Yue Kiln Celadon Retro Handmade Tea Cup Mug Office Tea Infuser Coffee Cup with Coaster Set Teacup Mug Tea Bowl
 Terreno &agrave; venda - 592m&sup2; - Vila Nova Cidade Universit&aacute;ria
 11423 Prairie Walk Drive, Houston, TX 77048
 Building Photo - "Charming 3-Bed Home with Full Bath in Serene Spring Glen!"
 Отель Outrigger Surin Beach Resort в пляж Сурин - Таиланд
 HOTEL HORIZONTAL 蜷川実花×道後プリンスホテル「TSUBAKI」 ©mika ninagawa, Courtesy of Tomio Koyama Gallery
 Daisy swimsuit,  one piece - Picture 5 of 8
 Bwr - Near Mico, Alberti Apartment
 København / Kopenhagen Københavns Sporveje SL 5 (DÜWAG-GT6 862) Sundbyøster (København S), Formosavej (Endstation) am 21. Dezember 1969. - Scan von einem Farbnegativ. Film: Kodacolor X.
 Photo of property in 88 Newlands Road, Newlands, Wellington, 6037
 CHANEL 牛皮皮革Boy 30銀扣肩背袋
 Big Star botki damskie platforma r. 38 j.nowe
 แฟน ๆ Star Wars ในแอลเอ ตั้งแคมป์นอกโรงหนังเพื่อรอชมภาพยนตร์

WHAT THE EXERCISE ASKS » Write down exactly the line with "11423 Prairie Walk Drive, Houston, TX 77048", then each line after it through the end of the data.

EXERCISE RESPONSE »
 11423 Prairie Walk Drive, Houston, TX 77048
 Building Photo - "Charming 3-Bed Home with Full Bath in Serene Spring Glen!"
 Отель Outrigger Surin Beach Resort в пляж Сурин - Таиланд
 HOTEL HORIZONTAL 蜷川実花×道後プリンスホテル「TSUBAKI」 ©mika ninagawa, Courtesy of Tomio Koyama Gallery
 Daisy swimsuit,  one piece - Picture 5 of 8
 Bwr - Near Mico, Alberti Apartment
 København / Kopenhagen Københavns Sporveje SL 5 (DÜWAG-GT6 862) Sundbyøster (København S), Formosavej (Endstation) am 21. Dezember 1969. - Scan von einem Farbnegativ. Film: Kodacolor X.
 Photo of property in 88 Newlands Road, Newlands, Wellington, 6037
 CHANEL 牛皮皮革Boy 30銀扣肩背袋
 Big Star botki damskie platforma r. 38 j.nowe
 แฟน ๆ Star Wars ในแอลเอ ตั้งแคมป์นอกโรงหนังเพื่อรอชมภาพยนตร์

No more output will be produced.